### TASK DIRECTIONS
Pictures are not part of the copy. Write out exactly the lines from the line with "18425 State Road 44, FL" through the end of the entries below.

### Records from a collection
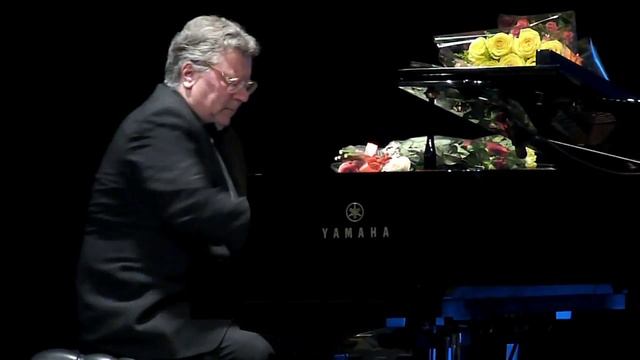 Помним! Грустим! (Игорь Урьяш) смотреть онлайн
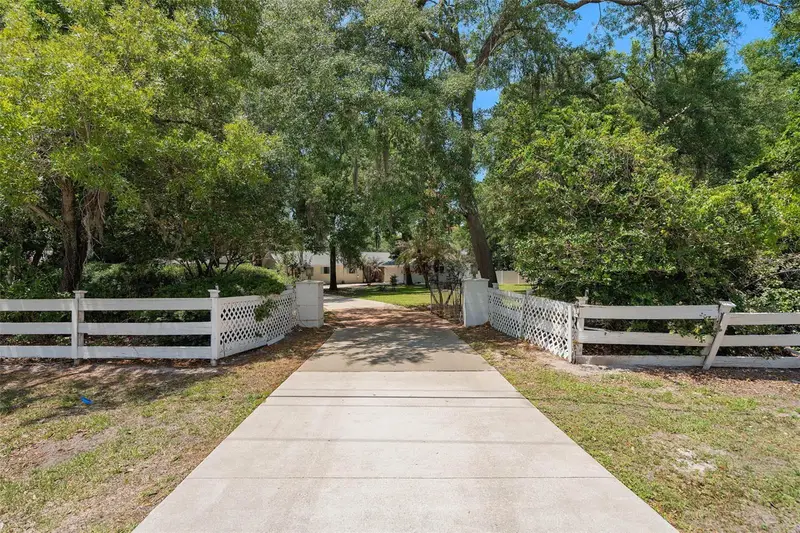 18425 State Road 44, FL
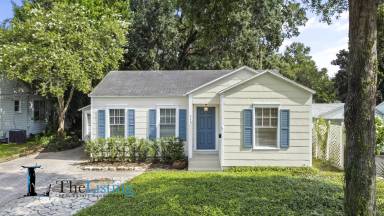 Main picture of 423 E Kaley St
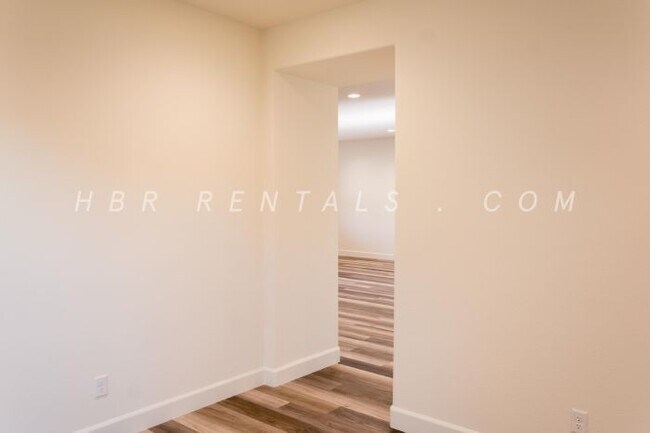 Building Photo - Ellis Neighborhood  | Spacious Single-Stor...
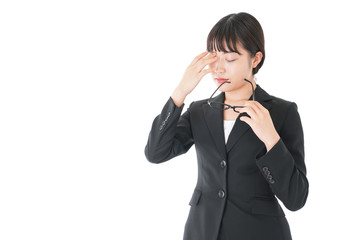 ドライアイに苦しむ若いビジネスウーマン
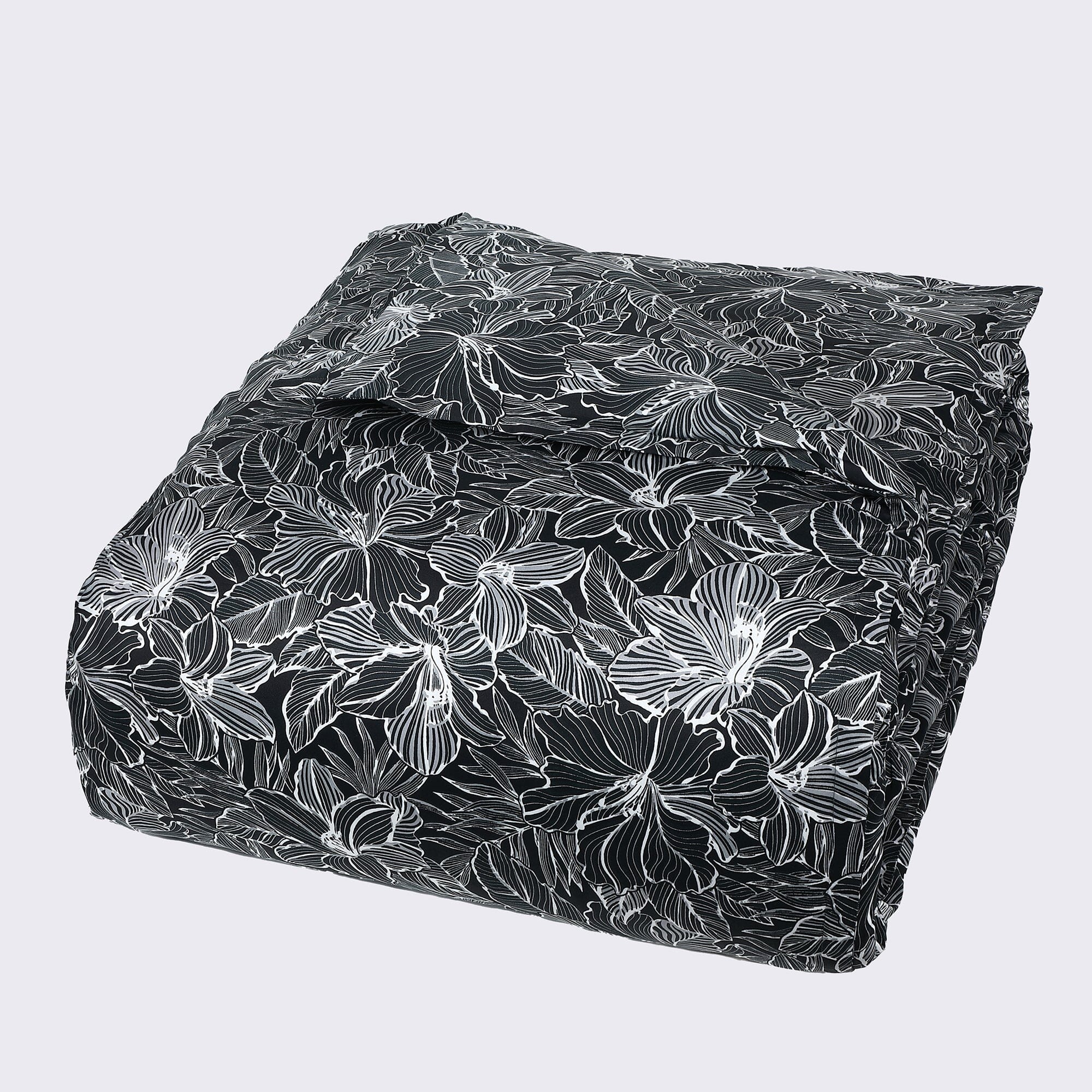 Anne Klein  Marlo Comforter Set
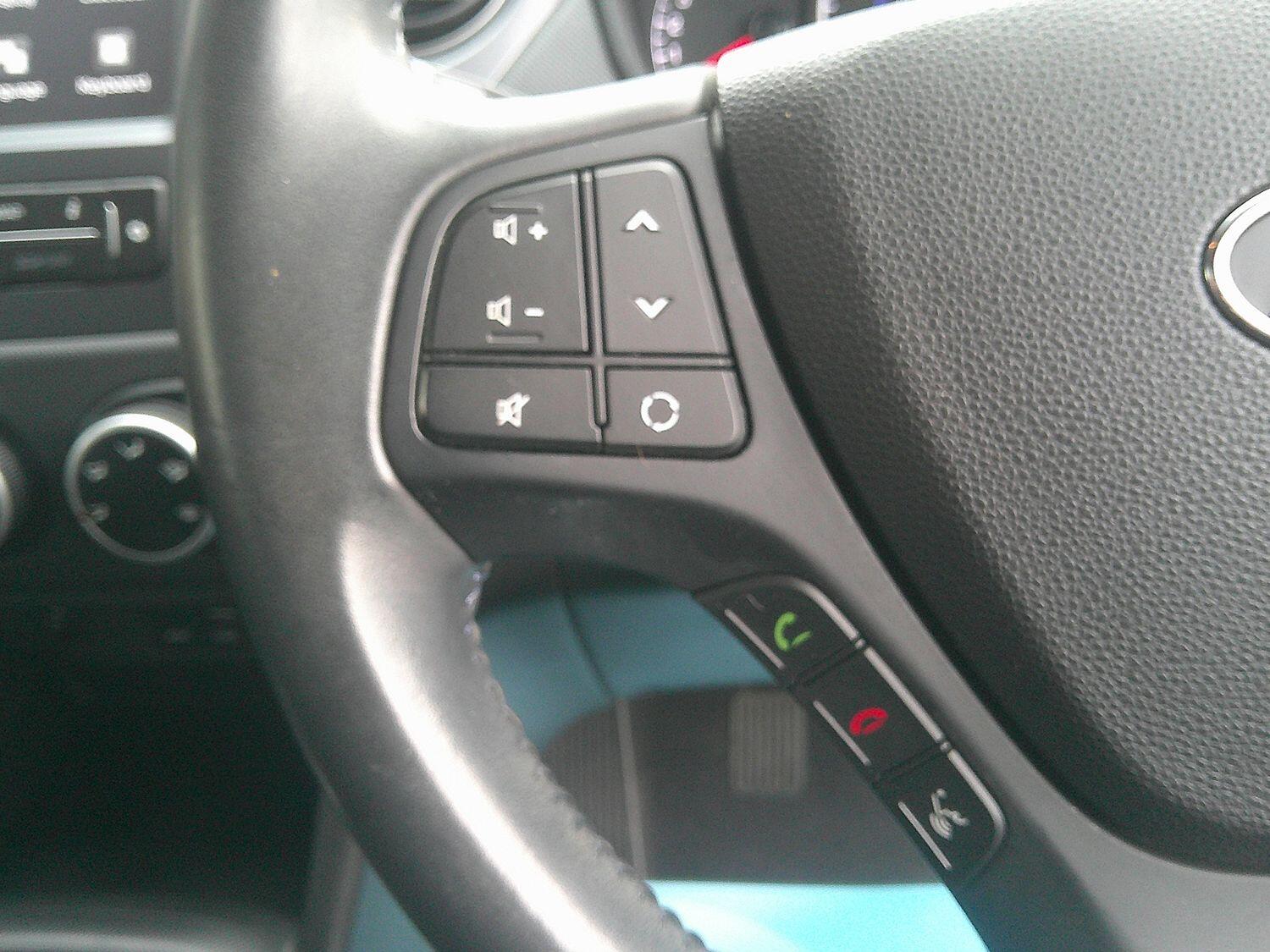 Used Hyundai i10 2018 for sale - 76107223: Photo 35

### OUTPUT BELOW
 18425 State Road 44, FL
 Main picture of 423 E Kaley St
 Building Photo - Ellis Neighborhood  | Spacious Single-Stor...
 ドライアイに苦しむ若いビジネスウーマン
 Anne Klein  Marlo Comforter Set
 Used Hyundai i10 2018 for sale - 76107223: Photo 35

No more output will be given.